Who made the beached whale sculpture?
The sculpture, which was created by a Belgian arts organisation called the Captain Boomer Collective, is surrounded by performers who carry out ‘experiments’ on the whale and engage the public.
It is part of the collective Eden Arts’ ‘66 Project’ designed to bring innovative artwork to the region of the UK spanned by the A66. This major road runs from the west coast of Cumbria to Teesmouth via County Durham and Carlisle.
“Autopsy, sampling, dissection, etc are acted out in detail. We also show people parasites, teeth, samples of skin and (real) spermaceti oil. The site is often very popular with school classes and children,” says the collective.

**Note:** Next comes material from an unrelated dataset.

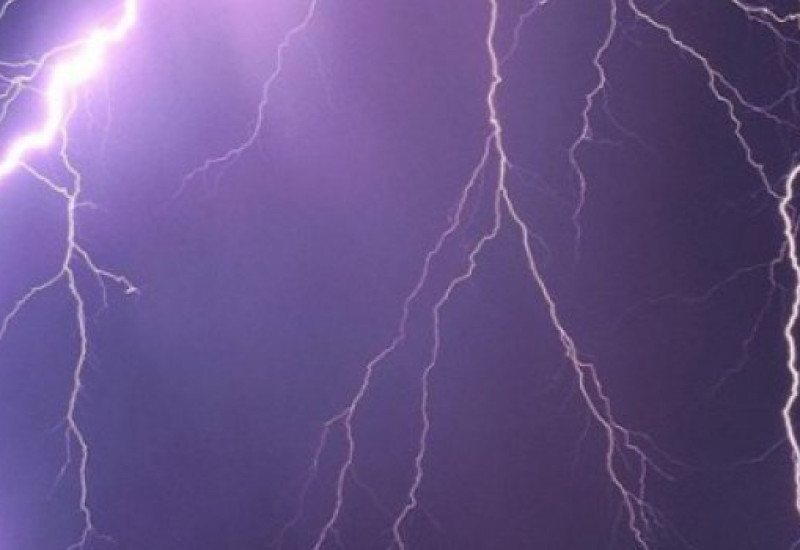 Олујно невријеме изазвало кварове на електромрежи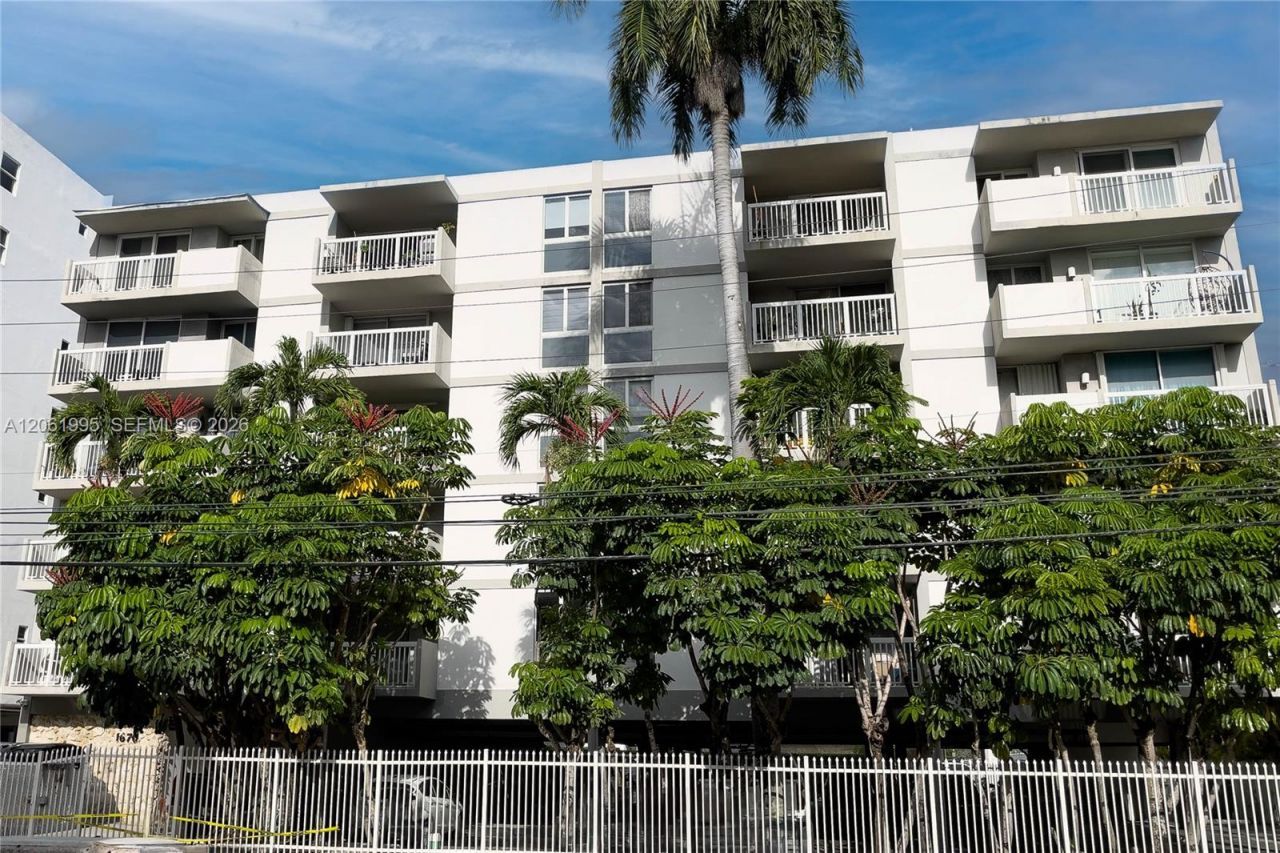1670 Bay Rd, Unit 2D, Miami Beach, FL 33139 Photo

“The psychological archetype of the dead big fish leaves no one untouched. It stirs and mobilises a local community. During our beachings, we see an intensive interaction among the crowd. People address each other, speculate and wonder. They offer help and ask for information.”
How common are beached whales?
Currently in Whitehaven until Saturday (28 May), it is not known where the fake cetacean will wash up next.

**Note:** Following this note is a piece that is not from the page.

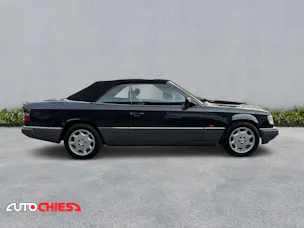 Mercedes-Benz A124 Cabriolet 300 CE-24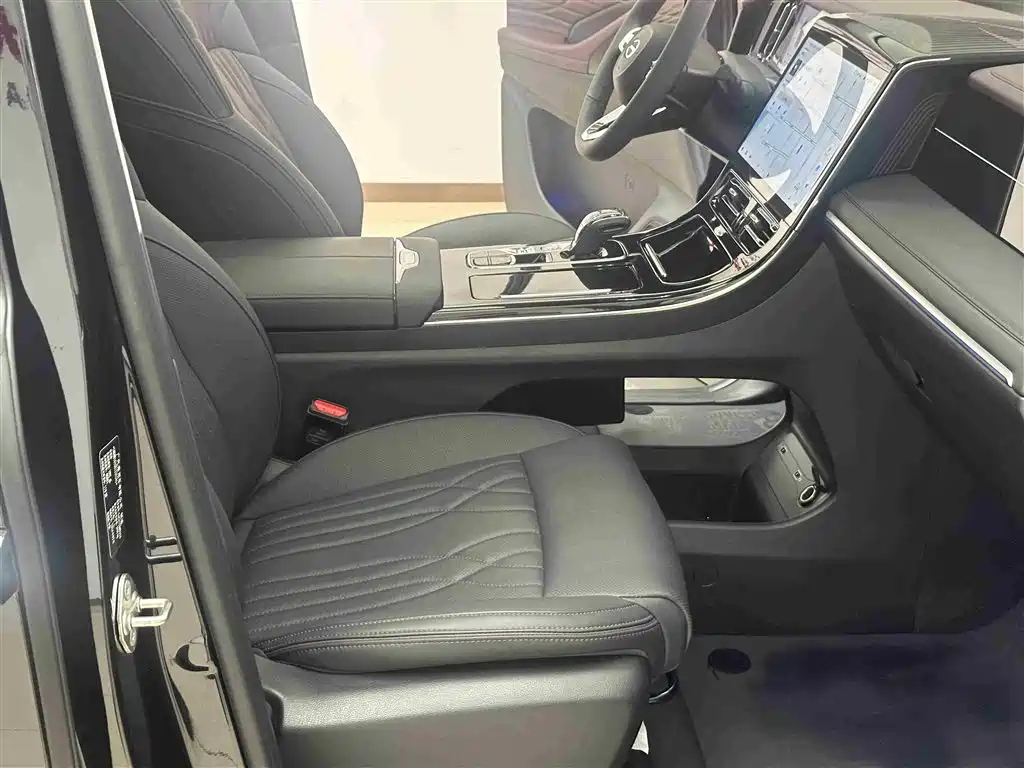 TRUMPCHI M8 2024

Real whales can become beached when they are trapped after swimming into shallow water or against currents.
In 2020 120 whales were rescued by locals who ushered them back into the water from a Sri Lankan beach.
Closer to home in Scotland, 10 long-finned pilot whales were saved after locals saw them entangled in seaweed on the beach of the remote island of Uist. Rescuers led by the charity British Divers Marine Life Rescue managed to save all of the marine animals.
Unless something is done about the world’s carbon emissions, events like this will become more common.